During a recent project we helped BC Hydro perform a condition assessment of a transmission line which included a unique crossing support structure. This was a great opportunity not only to get spectacular views of British Columbia coastline, but also to demonstrate another use case for drone inspections of hard to reach structures.
Because this structure supports a transmission line crossing a 2 mile wide inlet, it needs to be very tall — around 500ft, to allow enough conductor clearance for marine traffic. It is also located on a rugged bluff accessible only by hiking in. This makes inspection of this structure particularly challenging using conventional approaches such as foot patrol or climbing inspection.
In the past, a detailed inspection of this structure has been done by dropping off the lineworkers using a helicopter, which is a complex and challenging operation. An inspection from the ground would not provide the necessary detail and vantage points to detect potential defects at the top of the structure. A thorough inspection is very important on such a critical crossing tower.
Together with BC Hydro we wanted to explore the option of doing a drone based inspection from the opposite side of the inlet.
Aeriosense setup operating procedures to manage possible risks associated with this inspection and created a flight plan by processing LiDAR data supplied by BC Hydro to allow autonomous navigation of the UAS around the structure.
The automated inspection allowed the data to be collected quickly and efficiently. This large structure required only 2 flights, about 20 minutes each, with 30% of battery capacity remaining in reserve at the end of each flight in accordance with procedures put in place for this particular inspection.
Having a pre-programmed flight plan also allowed to easily resume the inspection where it was paused for the battery swap.
As with other UAS inspections, the high level of detail and exceptional vantage points allowed with this approach provided a comprehensive record of the structure condition, which was reviewed by an Aeriosense powerline inspector for deficiencies.
This project was a success and demonstrated how an Automated UAS inspection can provide significant cost savings and reduce safety risks for inspection of hard to reach transmission structures.

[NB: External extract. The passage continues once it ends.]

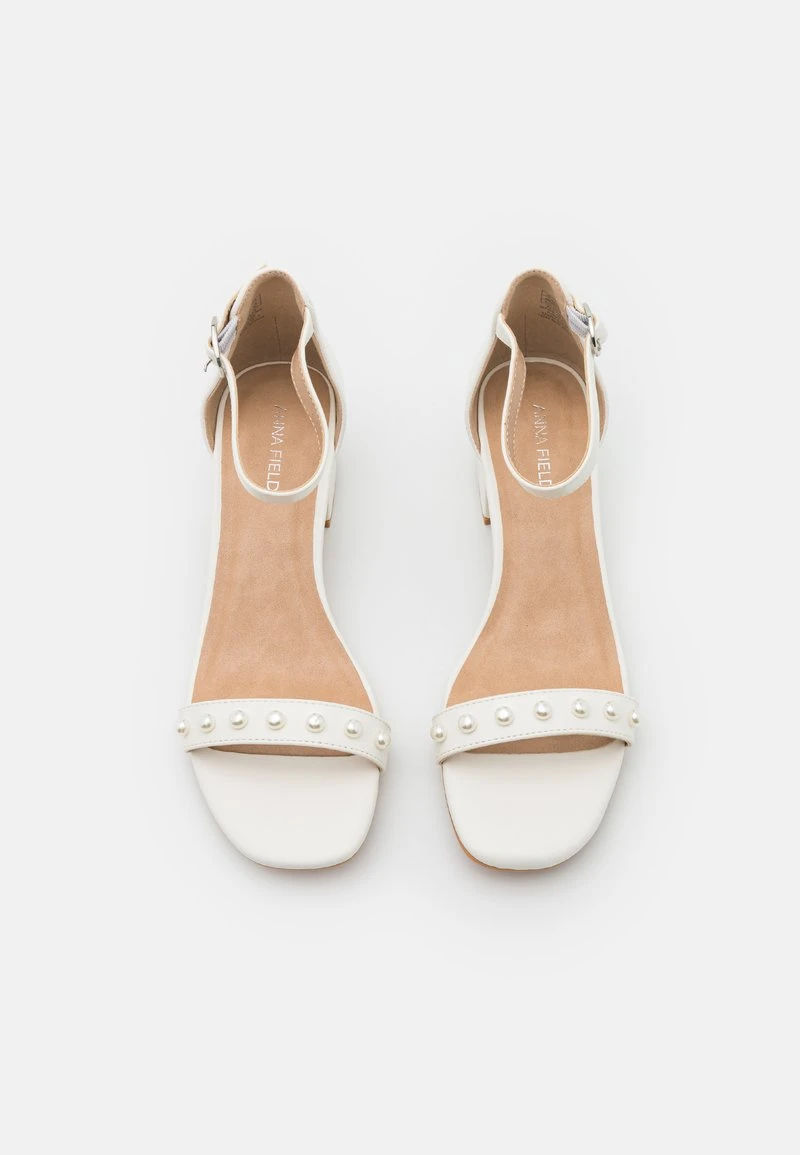 Riemensandalette - white Anna Field Riemensandalette - White -Bekleidungsgeschäft 1c1278b07e3f4af886d3c2253efdd606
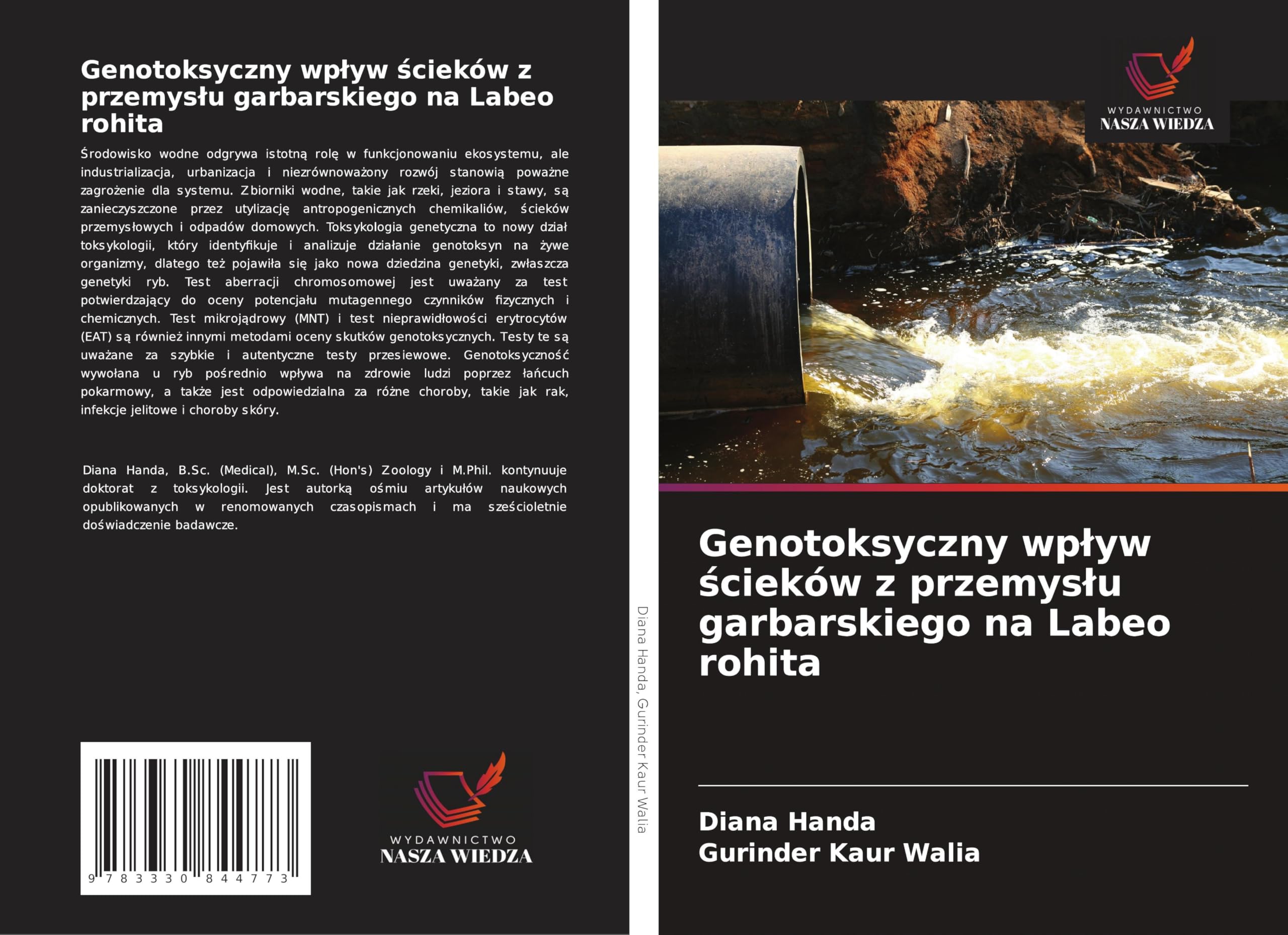 Genotoksyczny wp¿yw ¿cieków z przemys¿u garbarskiego na Labeo rohita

As Alex Au, of BC Hydro Transmission Sustainment Planning said:
“Overall, drone inspections have been an effective addition to our inspection programs. The technology has proven to provide pictures with superior quality (details and angles) from conventional inspection methods.”
The data collected during the inspection will be used by the field crews in planning of mitigation work and by engineering in asset maintenance planning. This allows BC Hydro to leverage inspection data, creating value for multiple stakeholders and operating units within their organization.